Till the end of March the borrowers can take benefit of the loan rates as commercial banks are not going to raise their prime lending rates or the deposit rates. But large companies borrowing short-term money at sub-PLR rates might have to pay more as banks might raise interest rates on short-term loans. After RBI announcement of 75-basis point hike in the cash reserve ratio, or the proportion of deposits that banks have to park with RBI, CEOs of several commercial banks signaled about this. But seeing the increased competition in the car loan segment banks will not raise the car loan rates.
It is expected with the hike in CRR to 5.75% from 5% in two stages around Rs 36,000 crore will be sucked out from the banking system. AC Mahajan, CMD of Canara Bank said, “Despite the CRR hike, there is ample liquidity and thus in the near term, rates will not rise.” On the other hand DL Rawal, CMD of Dena Bank said, “However, rates will firm up only after March if credit disbursal shows signs of revival.” Currently banks are parking Rs 75,000-85,000 crore with RBI at 3.5% under the so-called reverse-repo window as not many companies are borrowing. In return, the central bank pays interest on the money deposited with it under the reverse-repo mechanism. After the hike in CRR, CEOs feel that their net interest margins distributed between cost of liabilities and profit on advances can shrink between 7 and 10 bps because the cash invested with RBI will not earn any interest after the hike in CRR, which, in turn, will impact NIMs. Unlike reverse-repo, in case of CRR, the RBI impounds the cash and it does not pay interest.
In an interview SBI official told ET that hike in CRR means an additional outflow of Rs 6,000 crore for the bank, but there will be marginal impact on its NIM. In the December quarter, SBI had surplus liquidity of Rs 75,000 crore. In case of PNB after hike in CRR around Rs 1,800 crore will be absorbed, shrinking its NIM by 10 bps whereas for HDFC Bank Rs 1,500 crore will be absorbed and NIM will shrink by 7-8 bps. For Canara Bank the outgo will be of Rs 1,600 crore and NIM will shrink by 7-8 bps.
However there will be no impact of CRR hike on car loan customers as there is increased competition in this segment. Early this month ICICI Bank had reduced its interest rates on car loans. Following this, other large players also reduced their car loan rates.
MV Nair, CMD of Union Bank of India and chairman of the Indian Banks’ Association said, “The hike in CRR has to be adjusted and the impact will have to be passed on to customers.
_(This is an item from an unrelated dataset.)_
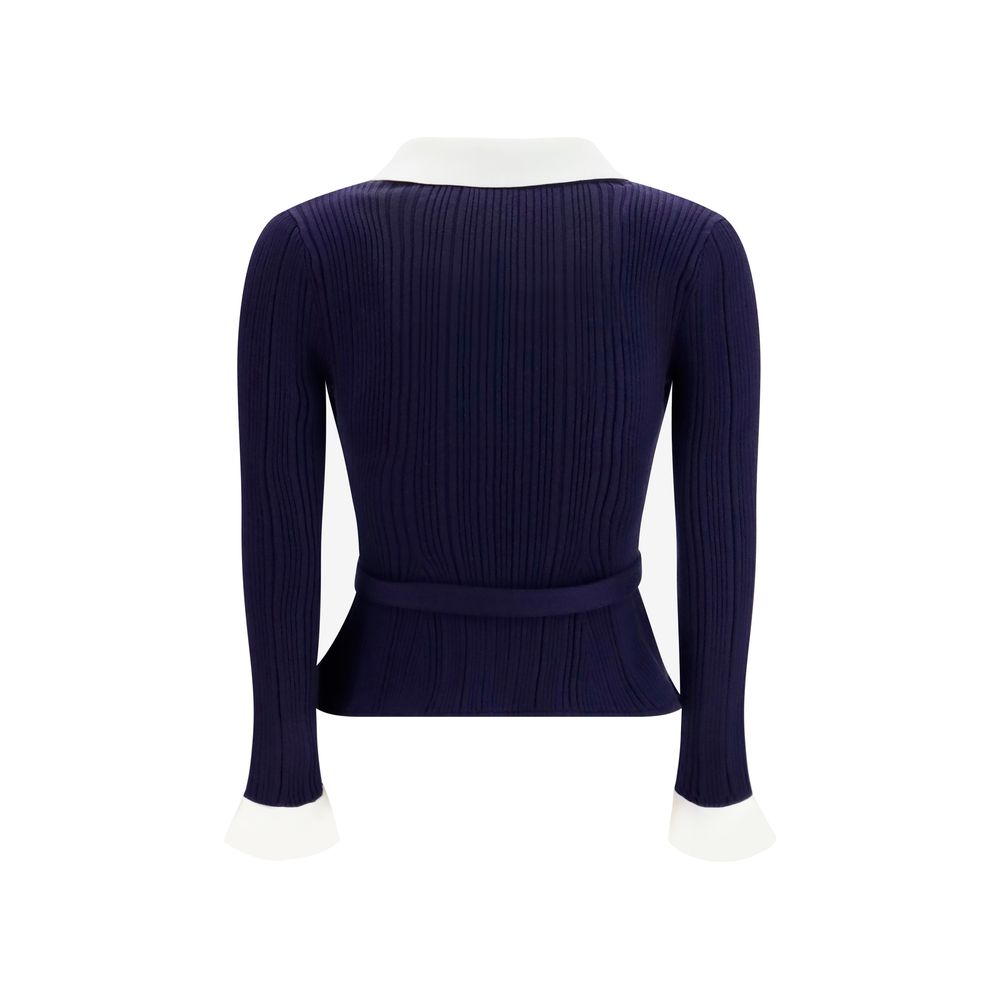 Cardigan by Self-Portrait for women in polyamide polyester capra leather & wool blue features a dramatic silhouette, showcasing a sophisticated and dramatic detail for a timeless, premium look.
Hence, the sub-PLR advances would be impacted and reduce over a period of time.”
TY Prabhu, CMD of Oriental Bank of Commerce pointed out, short-term rates are likely to go up but this will depend on the surplus liquidity that each bank has with them. Large banks surplus liquidity ranges between Rs 8,000-10,000 crore.
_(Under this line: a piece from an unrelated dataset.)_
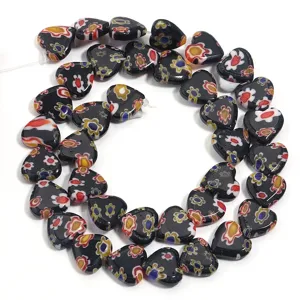 Heart-shaped millefiori glass beads colorful floral spacer beads diy jewelry making accessories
IndusInd Bank MD & CEO Romesh Sobti said, “With CRR hike, banks will lend more to corporates instead of parking funds with mutual funds. The hike will have little impact on margins but then loan growth will make up for it.” According to Dhanlaxmi Bank MD & CEO Amitabh Chaturvedi, “There may not be a hike in loans and deposit rates. Margins are unlikely to be hit as there is enough money in the system.”